What you are asked to do
The answer must be only the lines below from the one holding "All Types of Fishing Boat & Passanger Boat" down to the one holding "simple white dynamic background illustration", ends included, printed exactly; please omit all pictures.

Raw data
=== Begin Enclosure ===
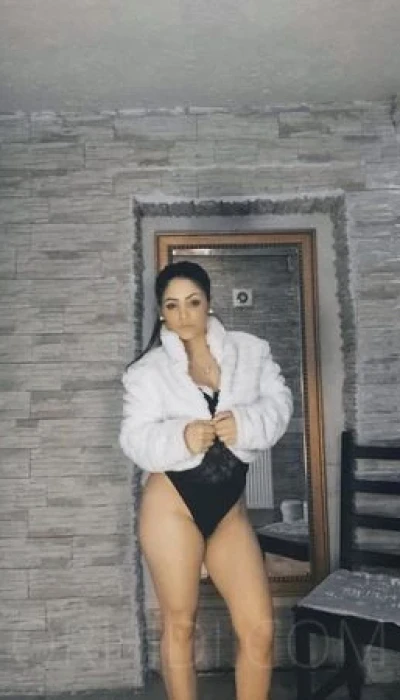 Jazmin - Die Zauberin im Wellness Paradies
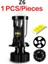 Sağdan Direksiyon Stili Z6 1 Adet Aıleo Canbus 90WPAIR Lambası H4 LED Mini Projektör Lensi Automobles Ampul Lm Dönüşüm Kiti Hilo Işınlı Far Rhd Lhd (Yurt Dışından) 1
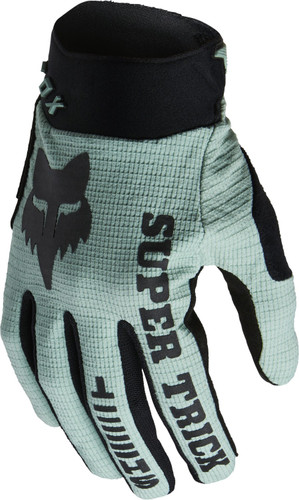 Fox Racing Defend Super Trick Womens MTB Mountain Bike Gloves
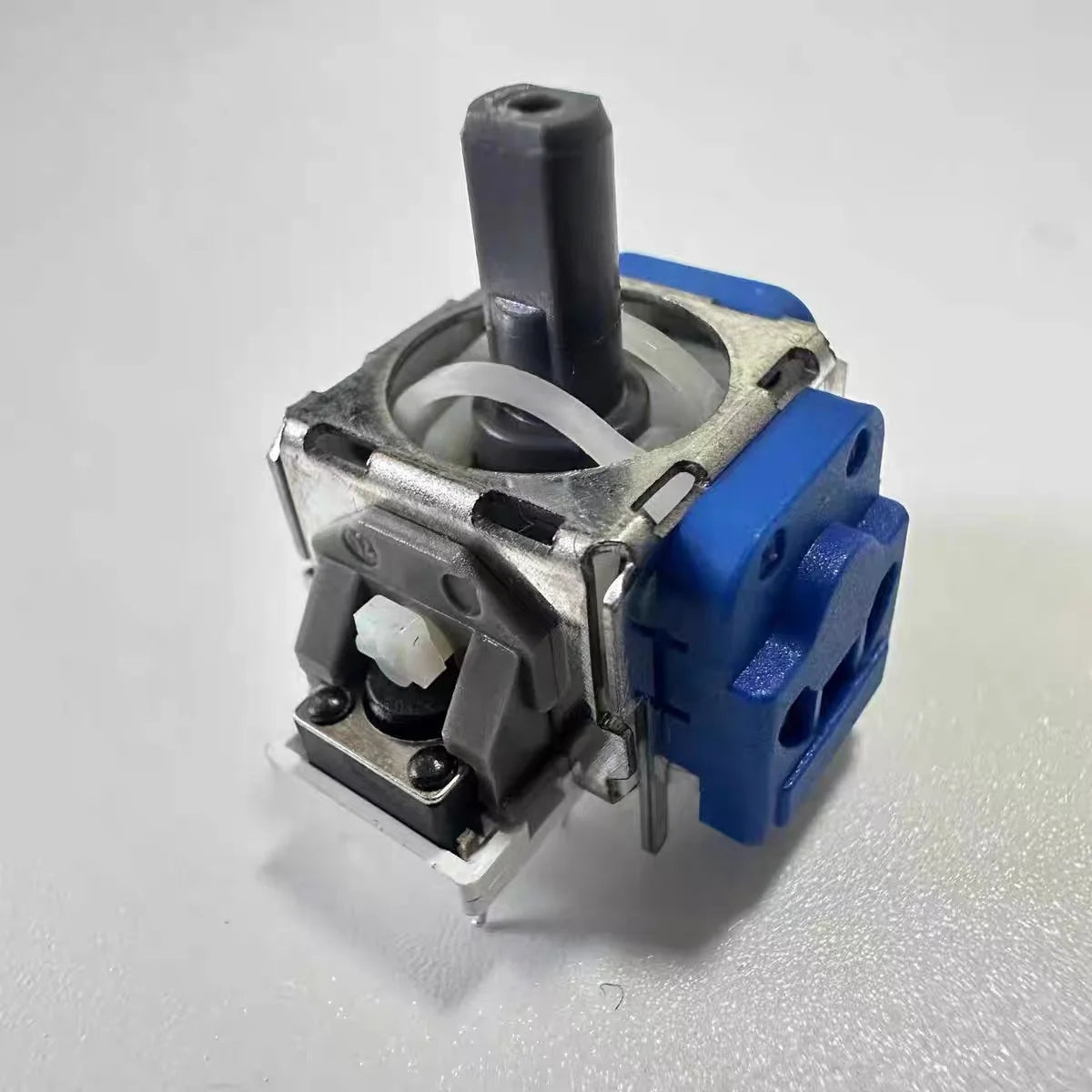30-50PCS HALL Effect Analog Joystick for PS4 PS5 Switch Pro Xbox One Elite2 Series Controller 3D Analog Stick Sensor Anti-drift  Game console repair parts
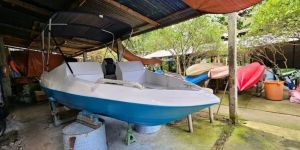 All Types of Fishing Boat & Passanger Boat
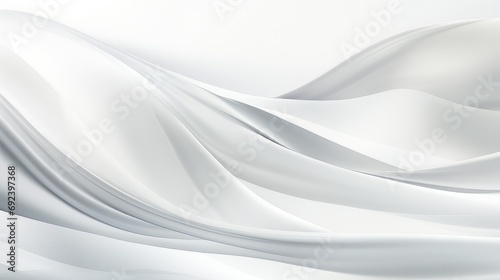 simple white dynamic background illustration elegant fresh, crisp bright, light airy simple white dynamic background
=== End Enclosure ===
=== Begin Enclosure ===
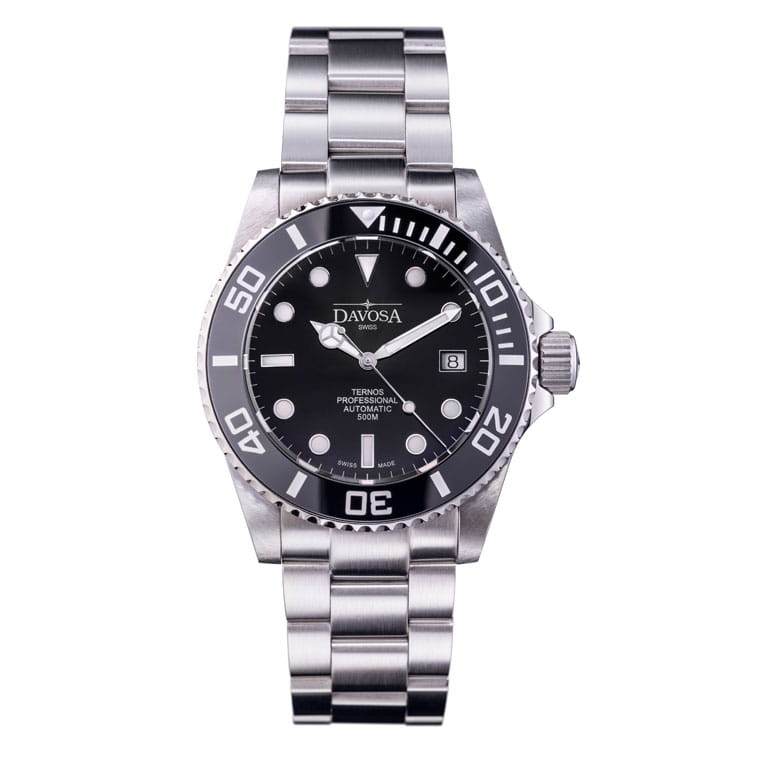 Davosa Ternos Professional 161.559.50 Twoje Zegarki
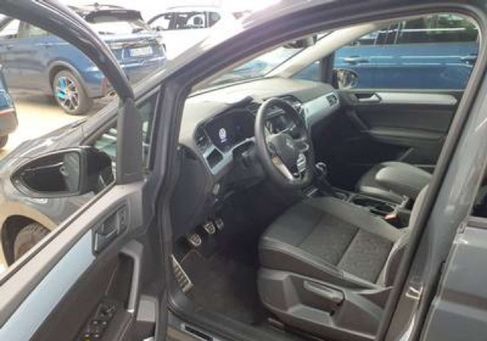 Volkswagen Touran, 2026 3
=== End Enclosure ===
Worked solution
 All Types of Fishing Boat & Passanger Boat
 simple white dynamic background illustration elegant fresh, crisp bright, light airy simple white dynamic background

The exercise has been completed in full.